For a handful of years now I've had a pair of 2SB173 germanium transistors I took out of an old Calrad 10-75 mixer. At that point they were worthless, so I figured the components inside were worth more to me by recycling it rather than reselling it. I sat on these transistors for the longest time, debating what type of project would be worth using them in. Germanium treble boost? No, I already built a silicon one. Germanium Fuzz? No, I'm not a huge fan of fuzz. Well, maybe? After watching a video about the history of the Tonebender I started to think maybe a germanium fuzz would be a worthwhile build, but there were issues.

Old fuzz pedals use a positive ground, meaning I would have to add more to the circuit than I felt was necessary. Why couldn't there be a way to built a negative ground vintage inspired fuzz pedal? Well, there is! The project requires very few components and I could socket the transistors, so let's do it! And so I did. The resulting pedal sounds fuzzy and bright, with far too much bass. Is that the signature of a vintage germanium Fuzz Face? I couldn't tell you, but that's what I got. Am I happy with the results? Not entirely. I don't hate it, I'm just not connecting with it. I've tried silicon PNPs and they have a much more mellow bass while sounding almost identical in the fuzz characteristic.

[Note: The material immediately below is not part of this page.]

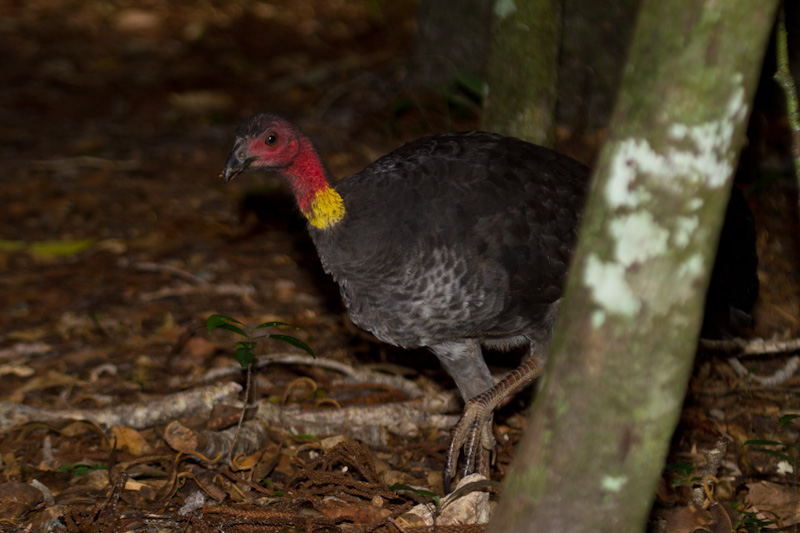 Australian Brush-Turkey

2SB173 Transistors in circuit

I'm not exactly sure what I'm going to do with this circuit. Technically it's another pedal circuit that I've built and I'm proud of it, sure, but it didn't quite scratch the itch that I've had to use the germanium transistors, which was the whole point. Now that I know I can make a circuit using the negative ground I may just use silicon transistors in this one to finish it up and experiment with input and output caps in another to dial in these germanium transistors.

Update

Yet again Kali, my Kalamazoo Model 1, pulls through and proves why I depend so heavily on her opinion when it comes to my pedal builds. After testing the pedal through my Mustang Mini I wasn't 100% sure about it, there was just way too much bass. After testing this pedal through Kali the pedal sounds great. I know there is a lot to be said about sending a pedal through real tubes vs solid state modeling, believe me I know. Most times I simply test my pedals with the solid states, it's just sometimes I get lazy and hope the Mustang Mini is good enough; it's not. Now I'm feeling better about this build and I'm also more confident this germanium Fuzz Face clone was the project these transistors were meant to be in.

Tuesday, June 7, 2022

Small Amp Repairs

Today's title is literal in both meanings. Firstly I will be repairing small amps, and they are indeed small repairs to said amps. Up first is my Fender Mustang Mini with an input jack booboo. With the amp being as small as it is, and the input jack sticking out of the top, sometimes things such as guitars can accidentally bump into the cable while it's plugged in and snap that input jack. It happened to me!

I continued to use the Mustang Mini this way for a quite a while. I finally got tired of losing the part that broke off of it in the first place, because it was still required to hold the guitar cable properly, and decided to change out the jack. Now I almost made a mistake, but I think I managed to redeem myself. I checked to make sure it was all going to fit, and it seemed it would, until I completely mangled the original jack to get it out. Even though it was broken it still worked, but after I removed it I was at the point of no return and had to make the new jack work, even though it was slightly bigger than the original.

After it was soldered in, tightened down and everything was put back together it seems to work just fine. I am a bit concerned about it's longevity, but I guess we'll worry about that some other time. As long as it works I'll use it. The only external difference is that the new jack has a chrome ring around it, but otherwise it looks pretty good, I think.

Before

After

Next up is my Lyon AMP3. This is a little amp I've had for years and rarely ever use, because it's really just a novelty more than anything. One day, many years ago, I noticed it wasn't working properly, so I opened it up to see what was the matter. The only problem I could find was one of the capacitors was absolutely obliterated. It was just a pile of dust between two solder mounds. I was confused because even back then I rarely used it and it worked perfectly when I put it away. I decided to replace the capacitor with whatever I could steal from my collection of old broken electronics.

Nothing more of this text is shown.